2009/7/1 R. David Murray <rdmurray@bitdance.com>:
I haven't read the PEP in detail since it's outside my area of interest and knowledge(*), but my understanding of the goal is that the PEP is providing an _infrastructure_ for system-level package management tools. The uninstall function is part of that infrastructure, but since distutils isn't a package manager itself (it's an install program), distutils as currently organized can't really handle uninstall except as outlined in a section you may have clipped from the above context (ie: when setup.py from the original package is available).
From a Windows user's POV, "install program" = "package manager". And an install program needs an uninstall feature.
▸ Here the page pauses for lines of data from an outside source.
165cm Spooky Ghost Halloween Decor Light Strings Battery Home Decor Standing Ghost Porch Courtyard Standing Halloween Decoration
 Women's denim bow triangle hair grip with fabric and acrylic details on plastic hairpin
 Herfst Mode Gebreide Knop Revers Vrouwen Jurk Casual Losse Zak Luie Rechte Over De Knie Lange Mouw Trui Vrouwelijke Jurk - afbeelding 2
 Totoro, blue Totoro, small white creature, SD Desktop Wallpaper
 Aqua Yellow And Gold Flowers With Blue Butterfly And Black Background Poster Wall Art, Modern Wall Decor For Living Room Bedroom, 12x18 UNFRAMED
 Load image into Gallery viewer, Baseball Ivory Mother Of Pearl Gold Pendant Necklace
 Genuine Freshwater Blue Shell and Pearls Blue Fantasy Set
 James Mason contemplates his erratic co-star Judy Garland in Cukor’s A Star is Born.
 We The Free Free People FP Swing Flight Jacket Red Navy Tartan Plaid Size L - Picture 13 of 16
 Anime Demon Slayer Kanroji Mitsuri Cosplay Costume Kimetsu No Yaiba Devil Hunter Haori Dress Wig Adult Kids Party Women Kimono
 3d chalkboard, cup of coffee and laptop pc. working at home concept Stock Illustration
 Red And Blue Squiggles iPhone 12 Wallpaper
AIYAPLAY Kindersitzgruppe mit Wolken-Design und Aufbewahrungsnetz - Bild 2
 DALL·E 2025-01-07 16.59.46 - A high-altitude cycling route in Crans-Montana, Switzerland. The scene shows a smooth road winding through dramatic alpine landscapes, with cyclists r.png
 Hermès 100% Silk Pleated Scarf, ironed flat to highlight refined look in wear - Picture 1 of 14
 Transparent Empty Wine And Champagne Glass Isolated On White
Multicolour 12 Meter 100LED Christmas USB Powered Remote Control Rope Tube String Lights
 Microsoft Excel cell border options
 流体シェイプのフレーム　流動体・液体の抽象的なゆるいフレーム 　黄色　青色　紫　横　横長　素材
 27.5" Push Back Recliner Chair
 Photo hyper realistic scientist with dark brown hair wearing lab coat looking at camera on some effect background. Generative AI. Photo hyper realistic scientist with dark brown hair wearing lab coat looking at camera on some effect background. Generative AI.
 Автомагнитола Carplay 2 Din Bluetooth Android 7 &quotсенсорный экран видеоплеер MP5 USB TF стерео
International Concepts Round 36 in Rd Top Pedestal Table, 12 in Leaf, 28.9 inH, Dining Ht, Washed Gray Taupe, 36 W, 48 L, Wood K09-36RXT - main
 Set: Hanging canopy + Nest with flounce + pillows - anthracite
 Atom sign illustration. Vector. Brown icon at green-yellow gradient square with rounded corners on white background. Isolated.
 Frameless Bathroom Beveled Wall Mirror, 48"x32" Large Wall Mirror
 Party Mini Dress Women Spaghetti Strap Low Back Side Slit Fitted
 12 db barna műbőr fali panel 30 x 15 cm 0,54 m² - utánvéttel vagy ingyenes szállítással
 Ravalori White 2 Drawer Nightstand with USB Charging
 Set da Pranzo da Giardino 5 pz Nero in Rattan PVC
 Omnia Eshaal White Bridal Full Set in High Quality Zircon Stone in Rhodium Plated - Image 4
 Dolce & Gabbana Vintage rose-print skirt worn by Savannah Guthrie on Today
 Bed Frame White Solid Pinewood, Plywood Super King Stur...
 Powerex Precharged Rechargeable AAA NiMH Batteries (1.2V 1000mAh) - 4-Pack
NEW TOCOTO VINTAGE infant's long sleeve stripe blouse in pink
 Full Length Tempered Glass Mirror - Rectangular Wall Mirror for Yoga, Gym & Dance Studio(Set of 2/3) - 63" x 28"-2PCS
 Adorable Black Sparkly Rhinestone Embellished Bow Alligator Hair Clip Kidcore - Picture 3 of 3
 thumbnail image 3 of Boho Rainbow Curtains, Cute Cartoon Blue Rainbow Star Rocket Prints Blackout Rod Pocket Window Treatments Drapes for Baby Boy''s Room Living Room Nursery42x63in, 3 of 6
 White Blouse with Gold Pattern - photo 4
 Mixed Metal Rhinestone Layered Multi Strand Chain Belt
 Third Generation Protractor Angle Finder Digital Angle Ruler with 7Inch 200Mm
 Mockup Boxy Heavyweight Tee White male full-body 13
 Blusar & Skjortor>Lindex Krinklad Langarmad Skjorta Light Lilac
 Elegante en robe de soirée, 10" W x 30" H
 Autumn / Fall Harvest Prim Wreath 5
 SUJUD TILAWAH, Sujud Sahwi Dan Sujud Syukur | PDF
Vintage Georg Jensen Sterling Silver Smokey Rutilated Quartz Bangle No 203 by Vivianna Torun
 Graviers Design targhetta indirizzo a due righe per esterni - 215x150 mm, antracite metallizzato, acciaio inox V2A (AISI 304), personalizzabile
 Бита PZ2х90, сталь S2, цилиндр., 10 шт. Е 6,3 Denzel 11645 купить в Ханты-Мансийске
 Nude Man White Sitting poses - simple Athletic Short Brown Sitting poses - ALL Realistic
I know Linux users with their advanced dependency-managing package managers feel that this is a stone-age view, and they may be right, but the PEP needs to take the Windows situation into account.
The question is what do the people who do real package management (linux distribution level package management and the equivalent) think? I'm guessing they are happy with just having the function for their package management tools to call when needed, since (I'm hoping) they are part of the distutils sig....
Don't forget that the maintainers of the bdist_wininst, bdist_msi and bdist_rpm code *are* the distutils maintainers - so to that extent, the PEP has to say how *those* aspects of package managers are covered. Unless another PEP is accepted saying that support for bdist_xxx is being dropped [1], this part of distutils cannot be ignored.
So, if my understanding of the overall goal is correct, it looks to me like the PEP is missing a "motivation" section that talks about system package managers.
Possibly. If so, though, it must discuss the above 3 cases which are part of core distutils. Paul. [1] A PEP I plan on strongly opposing!